Anbieter: Arai Helmet Deutschland, Telefon 02802/948480,
www.araideutschland.de; Preis: ab 499 Euro bis 619 Euro; Größen: XS bis XXL; Farben: sieben Unifarben und vier Dekore in zusammen 13 Farbvarianten
Plus Gut spürbare Belüftung; schneller Visierwechsel; Visierarretierung; absolut beschlagfreie Pinlock-Doppelscheibe; sehr gute Brilleneignung; leichtgängiger Kinnriemen, Ende per Druckknopf fixiert; top Verarbeitung
Minus Zu kleine Belüftungstasten im Oberkopfbereich; Visier schlecht zu
bedienen (zu kleiner Bediennippel); Sichtfeld durch speziell geformte Pinlock-Scheibe eingeschränkt; enger Ein-/Ausstieg
Fazit Die Helme der japanischen Edelmarke überzeugen durch ihre hochwertige Verarbeitung und die für die meisten »europäischen« Köpfe gut geeignete Passform – das gilt auch für den neuesten Spross, den Viper GT. Durch die vergleichsweise kleine Außenschale liegt er gut im Wind, die Belüftung ist wirkungsvoll, allerdings sollten die Bedientasten größer ausfallen. Die ungewöhnliche
Arai-eigene Visier-Wechselmechanik schreckt viele Käufer ab, da sie rigoroses Zupacken erfordert. Im Ernstfall funktioniert der Wechsel aber tadellos und in Sekundenschnelle.
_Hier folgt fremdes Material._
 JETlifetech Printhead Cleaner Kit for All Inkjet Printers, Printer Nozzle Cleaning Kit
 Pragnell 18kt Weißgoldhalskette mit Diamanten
In der Endabrechnung geht der teuerste Helm im Vergleich
als Sieger über die Ziellinie.

HJC HQ-1 (Archivversion)

Anbieter: HJC Europe Deutschland, Telefon 02131/523560, www.hjc-germany.de;
Preis: ab 449,95 Euro bis 499,95 Euro; Größen: XS bis XXL; Farben: Karbonlook (Foto), Dekor in drei Farbvarianten (Blau, Rot, Schwarz/Silber)
Plus Gut spürbare Belüftung; sehr gut zu bedienende Belüftungstasten; top Visierwechselmechanik; Visierarretierung; großes Sichtfeld; gute Brilleneignung; leichtgängiger Kinnriemen, Ende per Druckknopf fixiert; vorbildliche Kinnriemenpolsterung; geringes Gewicht
Minus Visier beschlägt; im Wangenbereich etwas zu weit geraten; Karbon-Oberfläche mit geringen Einlagerungen (Harzflecken)
Fazit Ein Vollkarbonhelm für unter 500 Euro – die asiatische Fertigung macht’s möglich. Der HQ-1 vom weltgrößten Helmhersteller HJC fällt mit rund 1300 Gramm zwar einige hundert Gramm schwerer aus als die leichtesten Vollkarbon-Modelle anderer Anbieter, dennoch wiegt er wesentlich weniger als die
allermeisten Integralhelme aus GFK oder Polykarbonat, was den Tragekomfort spürbar verbessert. Sehr positiv: die gute Belüftungsfunktion und Tasten-Bedienung. Etwas ärgerlich im Test: das beschlagende Visier – das kann HJC definitiv besser.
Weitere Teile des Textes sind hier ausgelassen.